Everyone Gets a Turn
- Author: Marianne Dubuc
- Original title: Chacun son tour !
- Translator: Celyn Harding-Jones
- Illustrator: Marianne Dubuc
- Language: French
- Genre: Children's literature
- Published: November 14, 2022
- Publisher: Éditions Album
- Publication place: Canada
- Published in English: March 2024
- Pages: 60
- ISBN: 978-2-925081-07-4 (Canada) 978-1-7972-2729-0 (U.S.)

= Everyone Gets a Turn =

2022 picture book by Marianne Dubuc

Everyone Gets a Turn (Chacun son tour !) is a 2022 children's picture book by Quebecois author and illustrator Marianne Dubuc. About four forest animals who nurture an egg as it grows up to become a bird, it received positive reviews from U.S. outlets.

== Synopsis ==
Four forest friends—a mouse, a bear, a hare, and a turtle—find an egg during a game of catch, and argue who gets to take it home. Soon enough, they comply with the egg's demand that each take turns taking care of it, as it grows up to become "Little Bird" through its surrogate parents. By the end of the story, Little Bird ends up building her own home thanks to what she has learned from her caretakers, and decides to call herself Clara.
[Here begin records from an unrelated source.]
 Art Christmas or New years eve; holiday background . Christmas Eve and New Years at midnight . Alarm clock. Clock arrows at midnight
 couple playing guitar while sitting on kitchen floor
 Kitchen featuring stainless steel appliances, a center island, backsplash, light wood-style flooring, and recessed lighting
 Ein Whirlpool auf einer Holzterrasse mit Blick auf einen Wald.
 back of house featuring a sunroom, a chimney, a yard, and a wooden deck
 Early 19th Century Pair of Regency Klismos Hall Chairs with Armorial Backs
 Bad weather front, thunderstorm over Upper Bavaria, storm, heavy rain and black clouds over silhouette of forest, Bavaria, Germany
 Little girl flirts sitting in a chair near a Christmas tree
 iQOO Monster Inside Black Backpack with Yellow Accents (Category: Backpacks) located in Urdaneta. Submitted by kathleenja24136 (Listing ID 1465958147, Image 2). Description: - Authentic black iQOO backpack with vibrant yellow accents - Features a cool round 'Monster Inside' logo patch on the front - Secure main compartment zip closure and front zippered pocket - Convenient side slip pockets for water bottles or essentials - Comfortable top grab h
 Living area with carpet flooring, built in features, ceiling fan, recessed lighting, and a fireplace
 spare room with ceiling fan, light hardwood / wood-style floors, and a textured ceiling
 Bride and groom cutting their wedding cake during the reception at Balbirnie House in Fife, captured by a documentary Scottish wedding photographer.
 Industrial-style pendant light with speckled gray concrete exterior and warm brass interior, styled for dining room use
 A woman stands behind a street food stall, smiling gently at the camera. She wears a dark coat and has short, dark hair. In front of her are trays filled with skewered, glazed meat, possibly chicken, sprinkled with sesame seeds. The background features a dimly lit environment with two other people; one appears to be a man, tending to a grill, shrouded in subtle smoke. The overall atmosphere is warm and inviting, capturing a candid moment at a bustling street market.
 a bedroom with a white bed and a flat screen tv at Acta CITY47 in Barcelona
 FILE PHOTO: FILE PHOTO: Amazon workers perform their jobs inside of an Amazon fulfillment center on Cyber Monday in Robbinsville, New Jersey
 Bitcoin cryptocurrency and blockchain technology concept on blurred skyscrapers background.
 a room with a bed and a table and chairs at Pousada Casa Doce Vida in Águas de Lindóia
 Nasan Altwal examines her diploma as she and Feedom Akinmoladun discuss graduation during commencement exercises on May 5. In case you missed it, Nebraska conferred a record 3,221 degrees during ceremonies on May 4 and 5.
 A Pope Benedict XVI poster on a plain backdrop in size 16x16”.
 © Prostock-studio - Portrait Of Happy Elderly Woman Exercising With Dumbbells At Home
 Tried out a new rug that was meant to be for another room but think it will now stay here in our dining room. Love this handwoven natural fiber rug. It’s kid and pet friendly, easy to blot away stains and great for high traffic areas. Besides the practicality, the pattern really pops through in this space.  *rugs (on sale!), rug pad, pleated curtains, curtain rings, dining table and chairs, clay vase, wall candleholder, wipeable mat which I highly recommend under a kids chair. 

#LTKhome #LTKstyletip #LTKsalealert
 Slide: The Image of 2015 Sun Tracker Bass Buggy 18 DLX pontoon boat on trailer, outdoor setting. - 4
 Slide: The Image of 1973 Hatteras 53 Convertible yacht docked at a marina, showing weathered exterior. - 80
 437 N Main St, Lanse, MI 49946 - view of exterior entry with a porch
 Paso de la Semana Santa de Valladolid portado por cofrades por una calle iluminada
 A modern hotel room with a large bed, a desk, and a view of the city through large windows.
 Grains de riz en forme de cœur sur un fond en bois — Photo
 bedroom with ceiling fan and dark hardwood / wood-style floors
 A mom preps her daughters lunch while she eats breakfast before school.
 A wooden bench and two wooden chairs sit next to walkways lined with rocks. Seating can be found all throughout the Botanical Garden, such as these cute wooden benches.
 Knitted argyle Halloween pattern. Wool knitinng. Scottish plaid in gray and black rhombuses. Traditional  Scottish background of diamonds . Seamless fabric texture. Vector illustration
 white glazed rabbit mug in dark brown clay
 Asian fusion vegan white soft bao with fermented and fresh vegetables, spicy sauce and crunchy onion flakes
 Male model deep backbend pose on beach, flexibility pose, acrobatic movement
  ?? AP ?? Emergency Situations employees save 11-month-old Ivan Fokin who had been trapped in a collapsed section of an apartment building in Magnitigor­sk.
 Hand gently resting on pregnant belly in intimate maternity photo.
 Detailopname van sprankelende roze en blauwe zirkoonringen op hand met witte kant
== Release and reception ==
Chacun son tour ! was published on November 14, 2022 by Éditions Album, and was later mentioned in two issues of the Quebecois children's-literature journal Lurelu. In March 2024, Princeton Architectural Press released an American English translation as Everyone Gets a Turn.

The book's Princeton edition received positive reviews. Prior to its publication, Publishers Weekly deemed Everyone Gets a Turn "a lively, thoughtful work". In their starred review, Kirkus wrote that Dubuc's "art portrays a gentle, verdant world filled with welcoming homes where neighbors share their expertise and support each other." In mid-2024, Cynthia K. Ritter of The Horn Book said, "Seven easily digestible sections [and] a picture-book trim size...make Dubuc's satisfying hybrid story a perfect match for both reading novices and slightly younger listeners." Reviewers praised Dubuc's detailed watercolour work, while also taking note of its philosophical themes and comic-book-like format. Ginnie Abbott in the School Library Journal recommended it for students wishing to continue the story after its actual ending.